Researchers Set a New Data Transfer Record: 1.125 Tb/Second

It bodes well for data transfer between cities and the digital economy.
February 11, 2016, 10:15am
High-speed transmitter. Image: Optical Networks Group, UCL

Buzzwords like Big Data and the Internet of Things constantly hit the mainstream. But in order to cope with the world's increasing demand for interconnectivity and info, we need a better telecommunications systems.

Enter researchers from the University College of London's (UCL) Optical Networks Group who've just gone and smashed the fastest data rate record by achieving a whopping rate of 1.125 Tb/second. The data rate is the speed at which data is transferred within a computer or between another device and the computer. It is measured in bits per second.

To give a comparison point: Current top-notch commercial optical transmission systems can receive single channel data rates of up to 100 gigabits per second. Superfast broadband connections run at 24 megabits per second (Mb/s). The researchers rate would—in theory—allow you to download the entire series of the Game of Thrones in high definition in under one second. Their findings were published Thursday in the journal Scientific Reports.

"The focus of our work is to develop new techniques and subsystems that will push the limits of our optical communications systems," said Robert Maher, study lead author and a senior research associate at UCL's Electronic & Electrical Engineering department, over the phone.

"It was previously thought that optical fibers could cope with an infinite amount of information, but we're quickly realizing that this isn't the case," he added.

The research group's investigations drew on information theory and digital signal processing to build an optical communications system equipped with 15 transmitting channels and a single super-receiver. The team grouped the channels together in a "super-channel" which researchers think will pave the way toward higher capacity communication systems. This receiver, said Maher, has a very large bandwidth so that it can collect a number of lower speed channels all in one go.

"This is beneficial in a number of different ways: If you grab a lot of little channels in one go, you can use common information across all these to make up for various transmission impairments that arise from lasers, or from the optical fibre itself," explained Maher.

Maher explained that the previous model had been composed of a single transmitter and a single receiver.
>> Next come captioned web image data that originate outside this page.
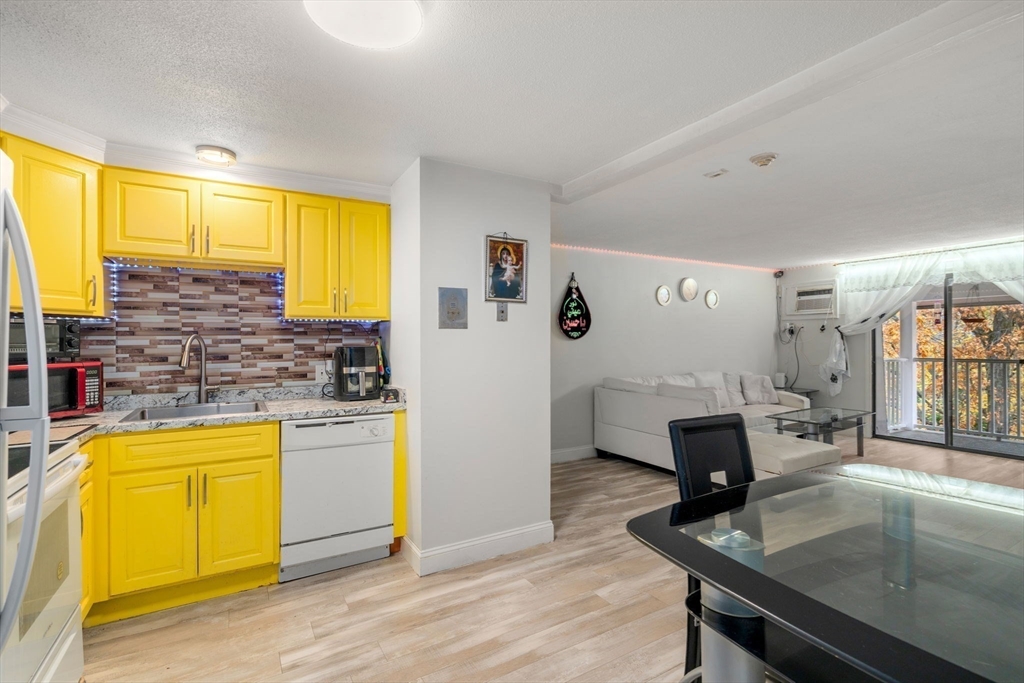 7 Wildwood Street 24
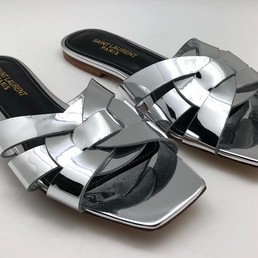 Женские шлепанцы Yves Saint Laurent серебристые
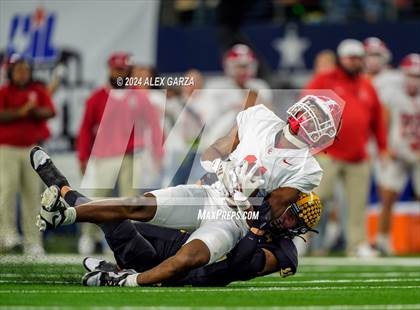 Thumbnail 3 in Columbus @ Malakoff (UIL 3A Division I Football Final) photogallery.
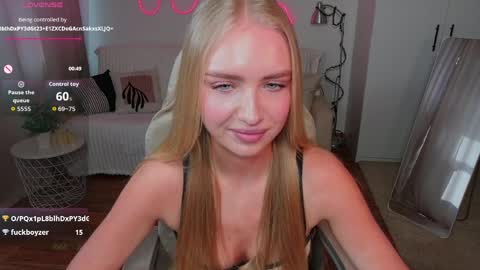 Snapshot of blonde_vibe chatting on 04-03-26, 10:46 Nessa online show from 04-03-26, 10:46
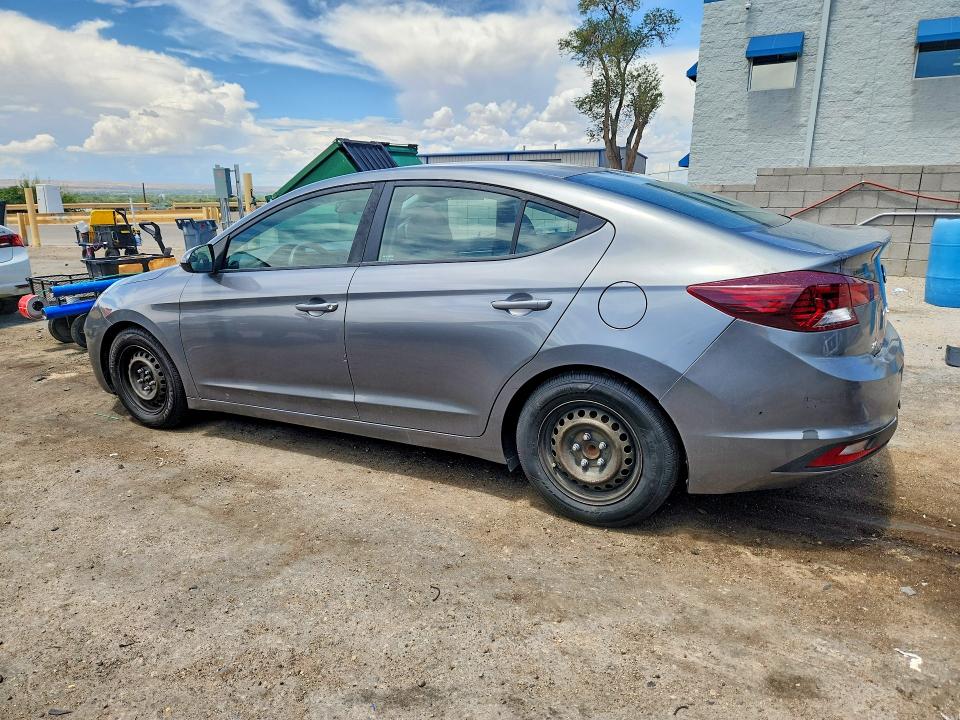 Photo 2 from auction – 2019 HYUNDAI ELANTRA with VIN 5NPD74LF7KH459469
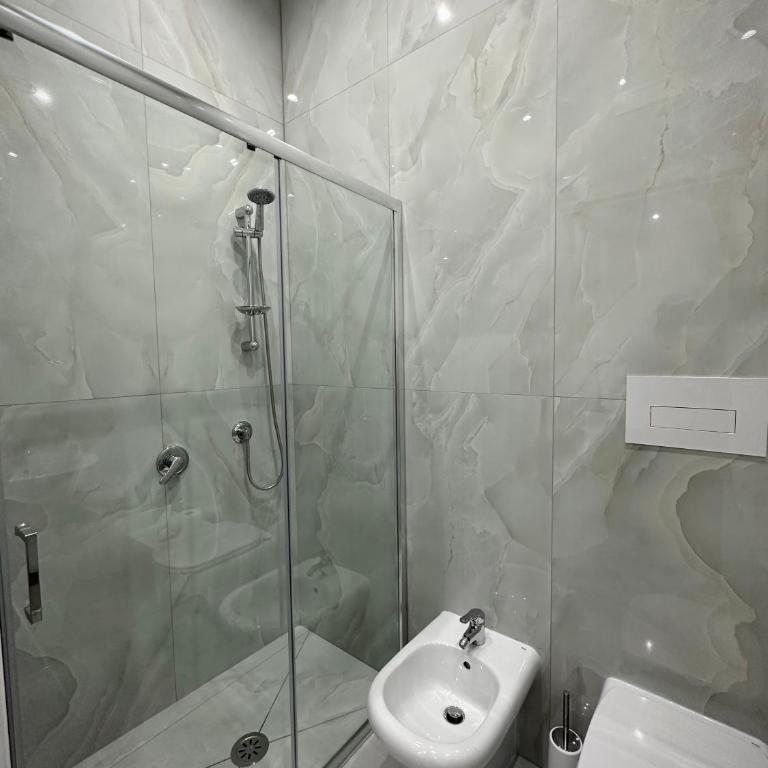 MARVIT CENTRAL LUXURY - Deluxe Family Room - 3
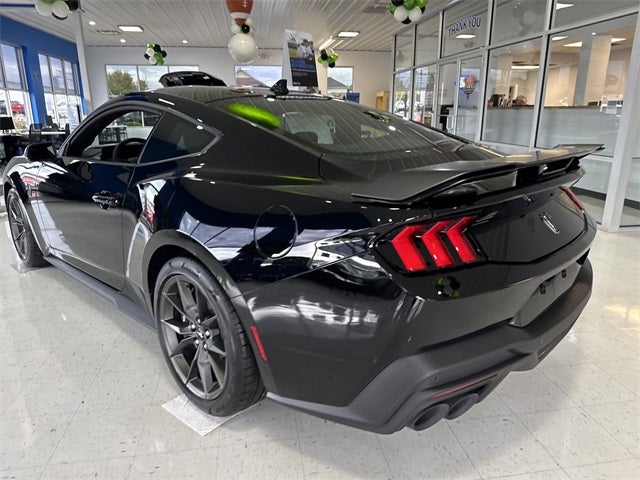2025 Ford Mustang Dark Horse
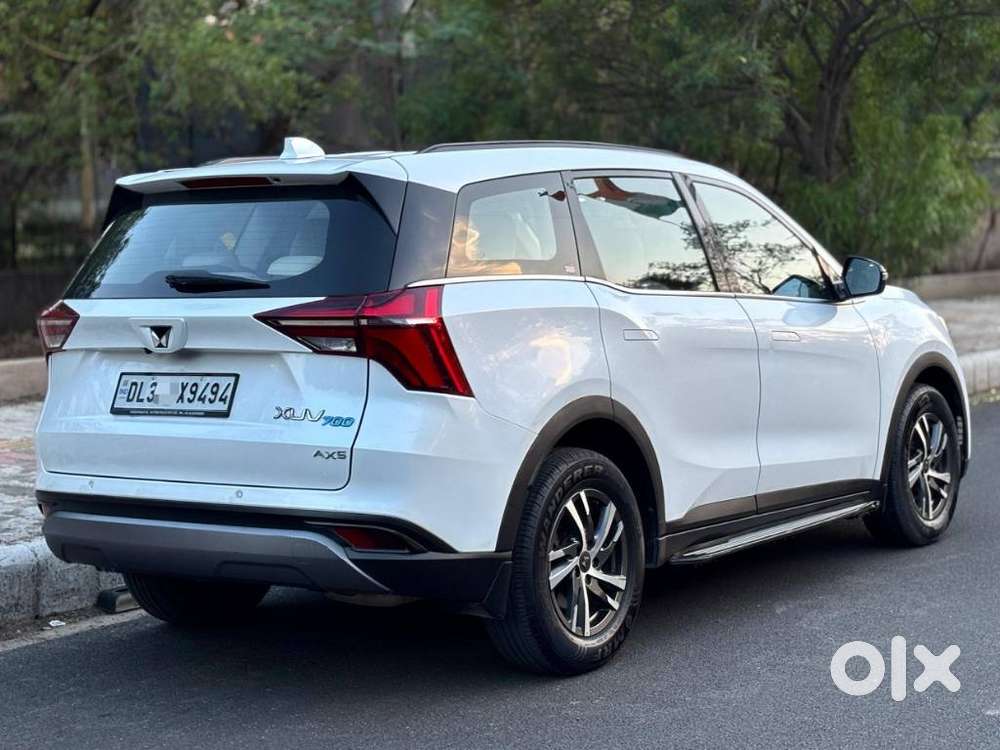 Mahindra Xuv700 Ax 5 Petrol Mt 7 Str (e), 2022, Petrol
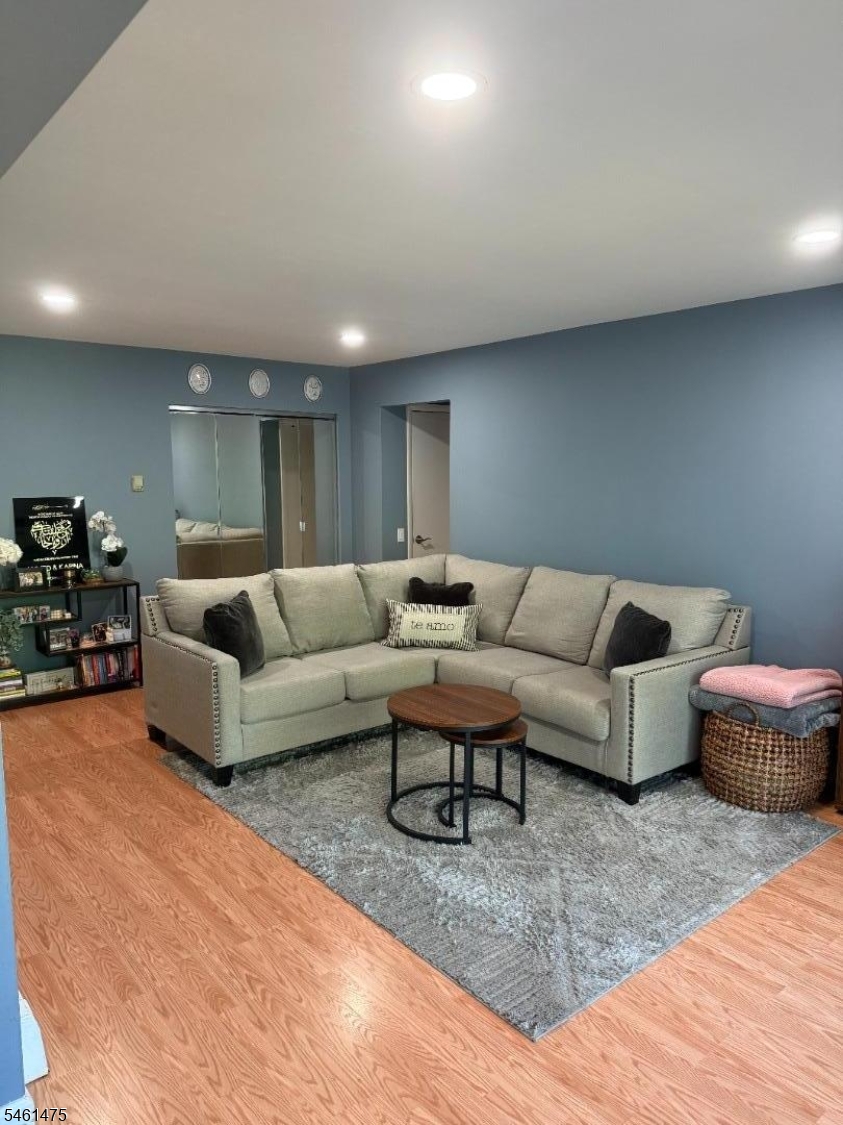 1 River Road D — photo
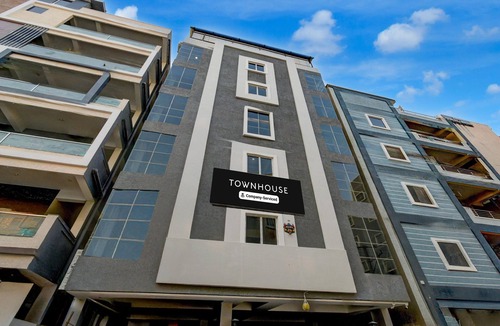 Miyapur House | Super Deluxe Roommiyapur Metro Station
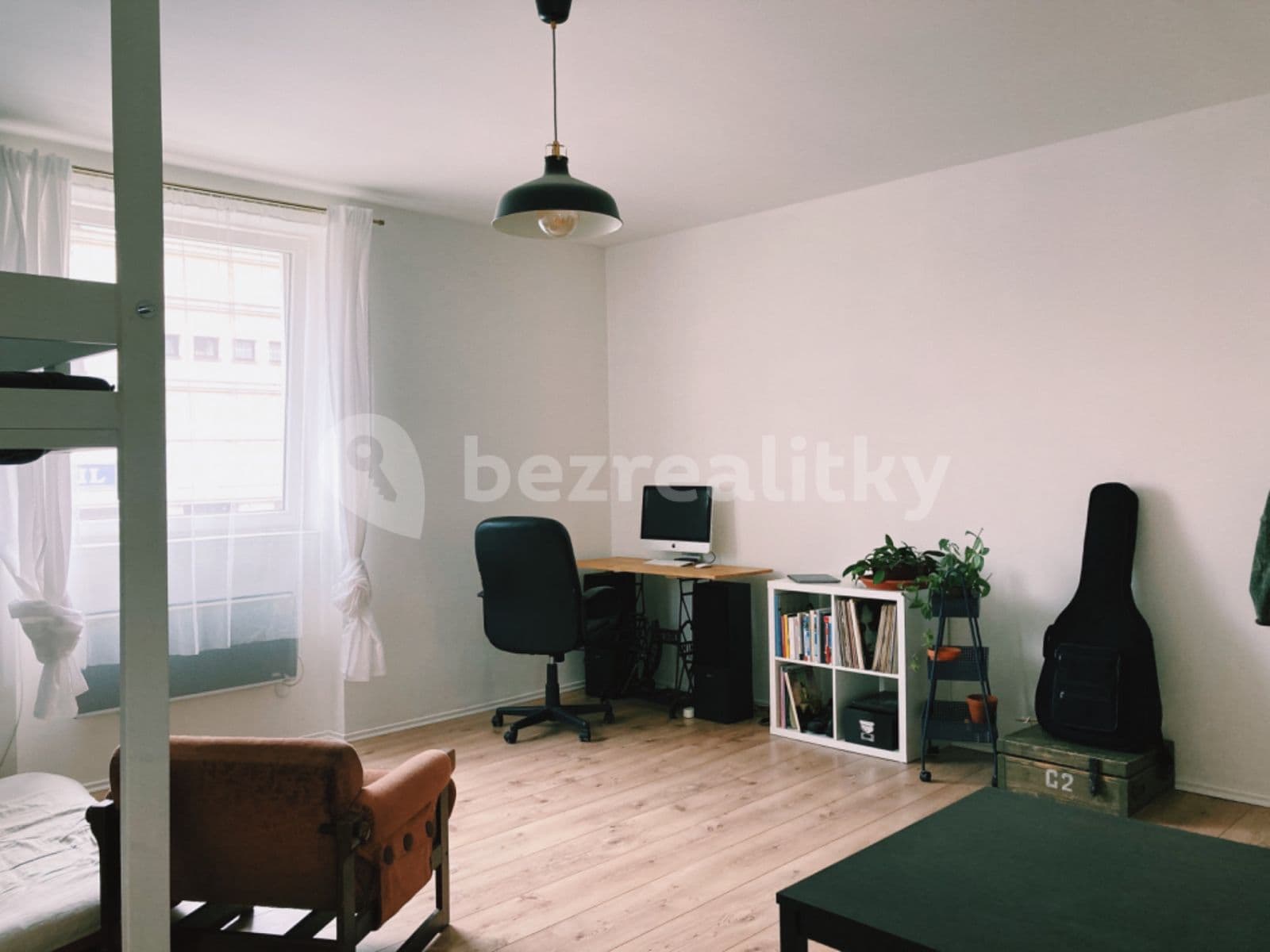 Studio flat to rent, 34 m², Vrchlického náměstí, Rakovník, Středočeský Region Studio flat to rent, 34 m², Vrchlického náměstí, Rakovník, Středočeský Region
Grouping together transmitters into a super-channel will make information processing more efficient as it will allow countries, cities, and possibly continents to transfer more data between each other.

Next up, the group will be testing their system and looking at how possible it will be to achieve similar data rates over longer transmission distances.

For the Internet of Things to really take off, it's essential to establish the correct communication infrastructure that can cope with the influx of data generation, said Maher. While the researcher's tech isn't commercial yet, Maher thinks that it won't be long (a couple of years) before super-receivers and super-channels are making sure that data sets get swapped not just between cities, but also over continents.